Start of Block
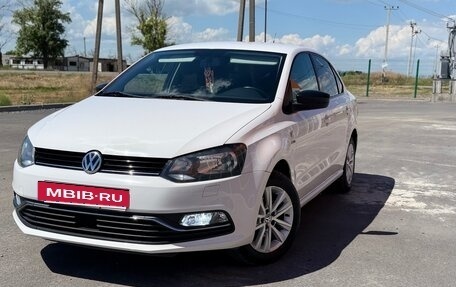 Volkswagen Polo VI (EU Market), 2013 год, 850 000 рублей, 2 фотография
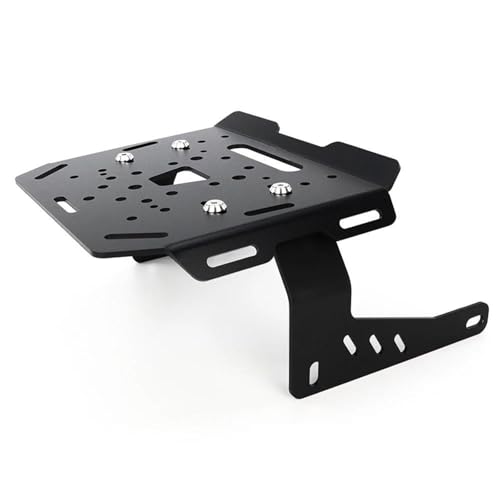Support de rangement bagages arrière moto haut de gamme pour BMW R12 2024-2025 sacoche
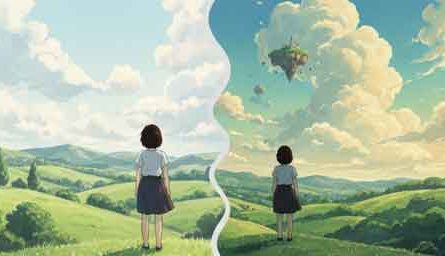 Ghibli-Style Photo Transformation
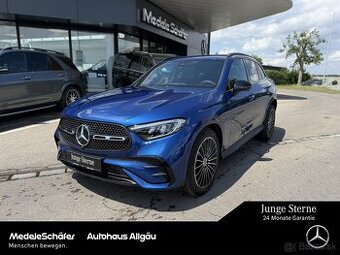 Mercedes-Benz GLC 200 4Matic AMG Line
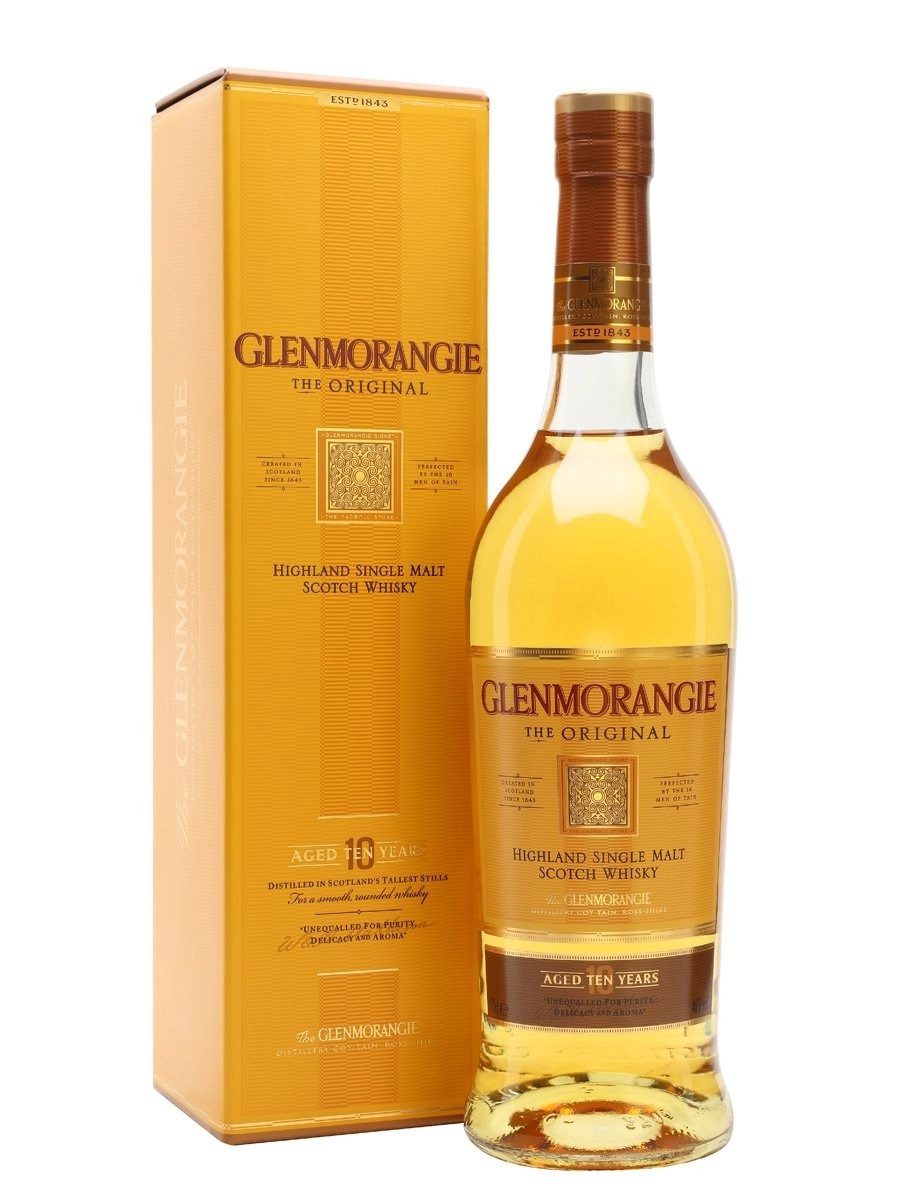 Rượu Whisky Glenmorangie 10 Year Old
End of Block
Assigned task:
The full material above must be output verbatim, minus any pictures.

Written answer:
 Volkswagen Polo VI (EU Market), 2013 год, 850 000 рублей, 2 фотография
Support de rangement bagages arrière moto haut de gamme pour BMW R12 2024-2025 sacoche
 Ghibli-Style Photo Transformation
 Mercedes-Benz GLC 200 4Matic AMG Line
 Rượu Whisky Glenmorangie 10 Year Old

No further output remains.